I've been studying on my own for awhile now from great resources like the MIT OCW offerings, Stanford series of lectures on Youtube, and great content from places like Berkeley, Princeton, Harvard's CS50.tv, UNSW, and other places online.<p>I've learned a ton starting from basically 0 programming and algorithm experience to being farely competent in a few languages, design patterns and algorithms, as well as the math that I've missed for awhile. I'm currently self-learning Discrete Maths with OCW, Khan Academy, and books from the library.<p>I learn in my free time and it's been amazing. For support, I often use OpenStudy.com's amazing community, especially for math and computer science things.
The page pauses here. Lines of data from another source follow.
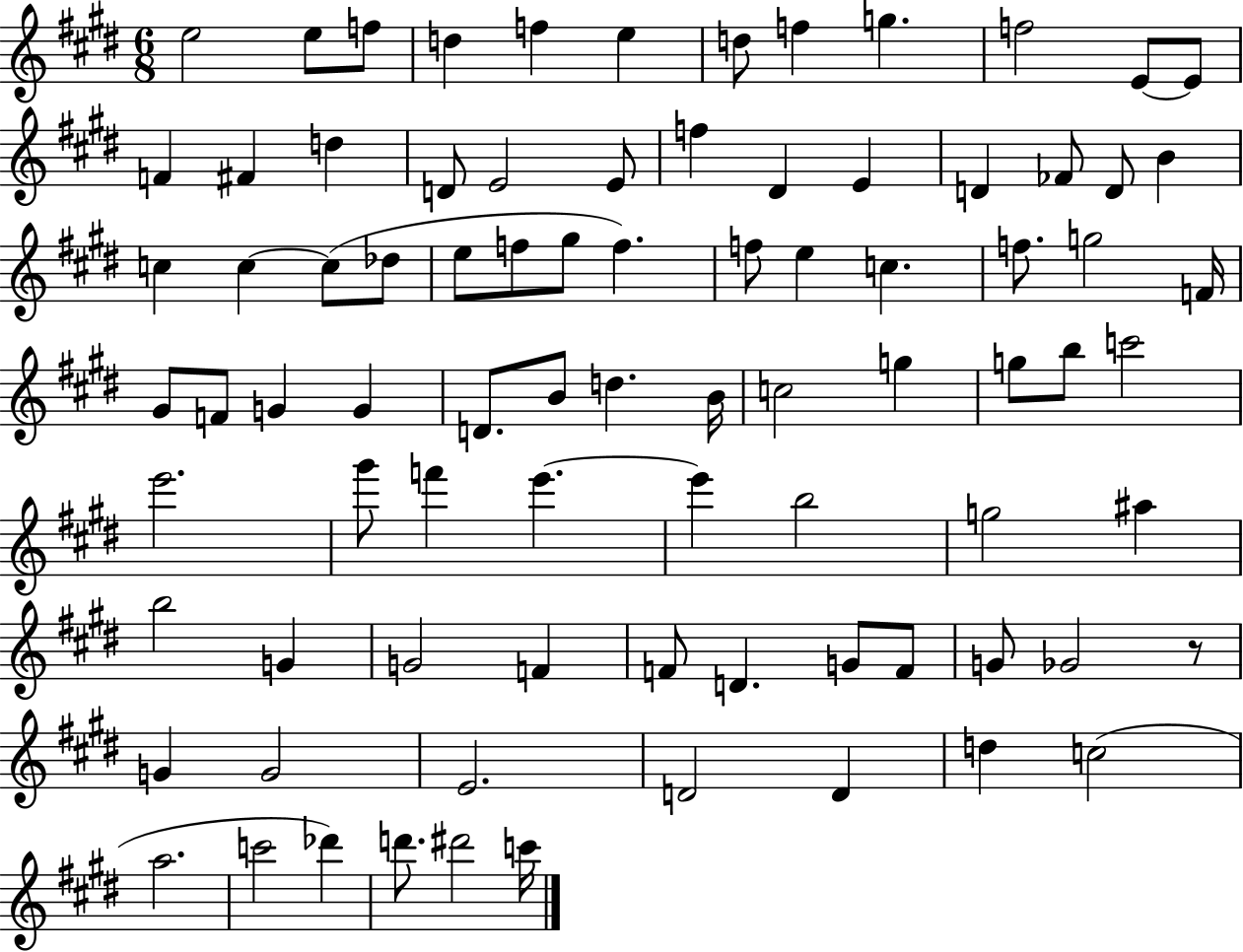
{
  \clef treble
  \numericTimeSignature
  \time 6/8
  \key e \major
  \repeat volta 2 { e''2 e''8 f''8 | d''4 f''4 e''4 | d''8 f''4 g''4. | f''2 e'8~~ e'8 | \break f'4 fis'4 d''4 | d'8 e'2 e'8 | f''4 dis'4 e'4 | d'4 fes'8 d'8 b'4 | \break c''4 c''4~~ c''8( des''8 | e''8 f''8 gis''8 f''4.) | f''8 e''4 c''4. | f''8. g''2 f'16 | \break gis'8 f'8 g'4 g'4 | d'8. b'8 d''4. b'16 | c''2 g''4 | g''8 b''8 c'''2 | \break e'''2. | gis'''8 f'''4 e'''4.~~ | e'''4 b''2 | g''2 ais''4 | \break b''2 g'4 | g'2 f'4 | f'8 d'4. g'8 f'8 | g'8 ges'2 r8 | \break g'4 g'2 | e'2. | d'2 d'4 | d''4 c''2( | \break a''2. | c'''2 des'''4) | d'''8. dis'''2 c'''16 | } \bar "|."
}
I'm planning on ramping up my experience and practice by starting to participate in open source projects (the folks at #openhatch on freenode and openhatch.org have been amazing here), as well as getting a portfolio of projects on github.<p>I've run into sort of a conundrum that I knew I'd have to face sooner or later -- how exactly do I receive recognition and get credit for what I've been learning for the last couple of years? I could always put it under education and experience on my resume, but are there pointers that people on HN can give on how exactly I can prove I know and learned the things I say I have?<p>I really appreciate that we live in a time where anyone can get a world-class education for free (almost all in the local public library and free time at home/after work) from some of the best institutions in the world like this. Even better (imho) is the amazing help and collaboration provided by the OpenStudy and OpenHatch communities.
======
retroafroman
You could simply tell current and potential employers that you enjoy learning
and gaining new knowledge. I think you could do better than that, however.

I think the best way to show off self obtained knowledge in a resume is to
turn the knowledge into experience, and list it in a "Skills" section of a
resume. An example is to learn all about virtualization, then set up a whole
lab of virtual machines and practice setting up, shutting down, managing VMs.
Pure knowledge subjects like higher math is more difficult to show this way.

An even better way is to have projects, and list those as well. If you
leverage your coding knowledge/experience and make a web app, list that. If
it's a project that they've heard of (even if it was just viral for a short
period of time) that's a huge bonus. Also, committing to popular open source
projects is a big way to show off that you know how to code as well.

While it is certainly awesome to be proud of learning and knowledge, employers
want to know what you can DO, not so much what you KNOW. Turn knowledge into
an experience and it will be more valuable, and you'll know it better.

------
stray
Why even worry about getting credit for it? Your life is richer for having
learned things you didn't know before.

And frankly, I'd hire an autodidact over a college graduate any day.